Adding Semantics To Comics Using A Crowdsourcing Approach

paper, specified "short paper"
  1. 1. Mihnea Tufis

    Université Pierre et Marie Curie (UPMC) (University of Pierre and Marie Curie)

Work text
This plain text was ingested for the purpose of full-text search, not to preserve original formatting or readability. For the most complete copy, refer to the original conference program.

With over 85 million print units sold in 2014 for the top 300 comic book titles only, the comics industry is reaching a new high for the first time since 2007 (before the economical crisis). And this doesn’t include the increasingly popular graphic novels or the increasingly more accessible digital comics.

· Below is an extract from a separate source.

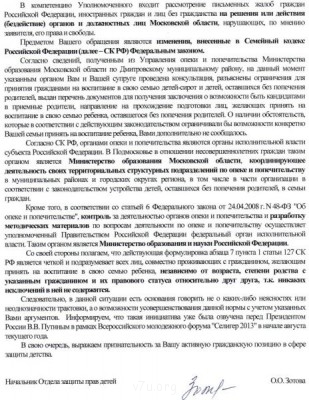 Новый закон. Федеральный закон от 2 июля 2013 года N 167-ФЗ - МосквинРЕ-ответ на обращение стр 2.pdf - Adobe Reader.jpg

The resurgence of comics and the establishment of the graphic novel as a literary genre prompted Humanities scholars to turn their attention on comics as a medium. In this paper, we address the difficulty of creating a digitized corpus by using a crowdsourced approach for annotating comic books. The resulting XML-based encodings could assist not only researchers, but publishers and collection curators equally.

Our approach should provide Digital Humanities (DH) scholars with a (currently missing) structured, annotated corpus; this should enable or speed up research related to the comics and sequential art theory: identifying the rhythm of the narration based on the shape, size or number of panels and its relation to the depicted action, investigations about the style of comics authors, historical periods, cultural movements etc.
Curators and collectors (professional or amateur) of physical or online comics collections would be provided with a structured content which could be more easily integrated within their collections or databases. This may assist them into enlarging public or private databases of characters or comics series and enable the creation of artefacts such as comic books dictionaries, search indices and dictionaries of onomatopoeia. A certain number of projects are already in place and could greatly benefit from the creation of comic books annotations. We mention here the Grand Comics Database
(an online database of printed comics), Comic Book Database
, Digital Comics Museum
(a collection of scanned public domain comics from the Golden Age) or the Catalogue of the
Cité Internationale de la Bande Dessinée et de l’Image
from Angoulême.

From a publishing perspective, current standard specifications related to digital comics, such as EPUB’s Region Based Navigation (Conboy et al., 2014) and Metadata Structural Vocabulary for Comics (Ichikawa et al., 2014) are taking care exclusively of the presentation layer (i.e. rendering a publication on a screen device). But the artistic nature of comics and the great potential digital comics have already showcased allow us to go beyond simple content presentation. We believe that the data we are collecting will allow publishers and digital comics authors to create better, enhanced content and in the end a superior reading experience.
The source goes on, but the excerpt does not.